The effect of PEDD driving current on sensitivity of Hb determination. Results for four possible PEDD combinations constructed of 565 and 570 nm LEDs
The calibration graphs shown in Fig. 2 were obtained at various currents driving tested PEDDs. As it was reported earlier [10], it is possible to adjust the range of maximal sensitivity to the required range of detection by the appropriate choice of power supplying this device. The optimal PEDD driving currents for investigated range of Hb concentration (consistent with Hb levels in 100–500-fold-diluted blood samples) are lower than maximal currents (30 mA) recommended for LED supplying. It is worth noticing that at currents lower than 20 mA where no saturation of analytical signal for diluted samples is observed, it is possible to detect Hb concentrations lower than 0.01 g/dl. Normal Hb content in human blood varies from 11 to 16 g/dl and decreases in case of anemia diseases.
Blood analysis
The developed prototype of hemoglobinometer based on 570/570 nm PEDD operating at 15-mA driving current was validated with 30 real samples of human blood containing Hb at physiological as well as pathological levels.
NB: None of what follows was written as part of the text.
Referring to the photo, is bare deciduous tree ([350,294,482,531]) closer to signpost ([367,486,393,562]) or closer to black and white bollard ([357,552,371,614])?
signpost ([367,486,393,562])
Before measurements, blood samples were 200-fold-diluted with reagent solutions for HiCN, SLS, or dithionite methods. Thus, for single determination, less than 0.02 mL of blood was required. Reference determinations of total Hb were performed by hospital laboratory using clinical photometric HiCN analyzer XT-2000i/XT (SYSMEX, Japan). As can be seen from Fig. 3, the results of analysis with the developed detector are fully compatible with those obtained using the reference method. The regression coefficient for HiCN, SLS, and dithionite methods are 0.9580, 0.9782, and 0.9752, respectively. Such results are acceptable in case of manual analysis.
Fig. 3.
Correlation between results of blood analysis obtained using developed 570/570 nm PEDD detector and reference method recommended for clinical uses. Results for 30 human blood samples 200-fold-diluted with Drabkin reagent (a), SDS (b), and dithionite (c)
Conclusions
In this communication, a complete, cost-effective prototype of hemoglobinometer constructed of only two ordinary green LEDs coupled with simple voltmeter is presented. The price of two LEDs is lower than a half euro whereas the total cost of electronics for PEDD supplying and signal recording is only a few euros. Its practical utility for real analytics has been confirmed by the results of human blood analysis fully compatible with those obtained using clinically recommended method and analyzer.
Although the presented PEDD detector is extremely simple, its potential applications for development of advanced bioanalytical systems dedicated for more specific clinical applications are attractive. As shown elsewhere [22, 23], PEDDs are easily applicable as flow-through detectors in various flow analysis systems. Thus, PEDD-based detectors could be easily miniaturized and integrated with separation chromatographic or electrophoretic devices potentially leading to dedicated analytical tools useful for determination of selected Hb fractions recognized as specific markers for diabetes [24, 25], thalassemia [26, 27], etc.
Acknowledgments
The investigations were performed in the frame of undergraduate student project (EM licentiate) supported by the Ministry of Science and Higher Education (Project no. N N204 029636). Analyzed samples of human blood were obtained from Medical University of Warsaw (MUW). Helpful assistance and comments from Dr. Agnieszka Wiśniewska (Department of Laboratory Diagnostics, MUW) are kindly acknowledged.
Open Access
This article is distributed under the terms of the Creative Commons Attribution Noncommercial License which permits any noncommercial use, distribution, and reproduction in any medium, provided the original author(s) and source are credited.
Footnotes
Published in the special issue Focus on Analytical Science in Poland (VIIIth Polish Conference on Analytical Chemistry) with Guest Editor Pawel Koscielniak.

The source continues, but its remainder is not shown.